Some of my stem plants' leaves are either translucent or have tears in them along with some browning but I don't think it's algae.

My carpet plants (HC, dwarf hairgrass) are not growing or spreading (it's been about a week) and show signs of browning at the tips. My microswords however seem to be doing good, they are about a week old as well some brown or yellow tips but I'm just clipping them.

My blyxa japonica is all shredded up looks like angel hair pasta or something lol.

I should probably mention the fish I have in there, they could be the cause of some of my problems:

Jardini Arrowana
Peacock
2 Catfish
2 Oto Catfish
2 Plecos
3 Zebra Snails

Thanks and any help would be greatly appreciated


----------



## htram (Aug 26, 2010)

Also, just wondering but are my lights too high up for my tank? I got em on 2" posts that hold them above the water...


----------



## Seattle_Aquarist (Mar 7, 2008)

Hi htram,

I am assuming you are dosing Micros and Macros. 

Do you have really soft water where you live?

Have you checked your nitrates, nitrites, and ammonia levels....I had this happen once and my nitrates were really high. With the predator fish, you may be getting a lot of fish waste which is giving you extra ammonia/nitrates.


----------



## aquaphish (Jan 22, 2005)

How long has this been setup? Seems like a very new setup with new substrate that can be leaching out some intense ammonia, but just my guess. Test water condition like Seatle Aquarist mentioned. I really don't think it is a high nitrate conditon due to bio overload. Most likely it is just new tank syndrome.

The condition of the plants can be due to getting used to their new home.
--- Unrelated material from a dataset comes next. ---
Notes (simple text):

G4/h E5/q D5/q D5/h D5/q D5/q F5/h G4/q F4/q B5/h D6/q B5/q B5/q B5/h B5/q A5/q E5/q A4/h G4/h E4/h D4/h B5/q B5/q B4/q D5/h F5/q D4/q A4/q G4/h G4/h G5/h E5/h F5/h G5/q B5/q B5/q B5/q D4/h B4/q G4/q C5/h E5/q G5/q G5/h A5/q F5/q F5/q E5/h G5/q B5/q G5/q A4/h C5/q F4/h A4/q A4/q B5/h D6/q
The water parameters of the tank where they used to be are different than yours and the plants need to adjust to the new home.

Let it run its course and do frequent large water changes. BTW if you have new substrate you really don't need the root tabs. The substate has enough "stuff" to fertilize the roots for some time before you need to use root tabs or any other substrate fertilizaton. Keep up the EI dosing method.


----------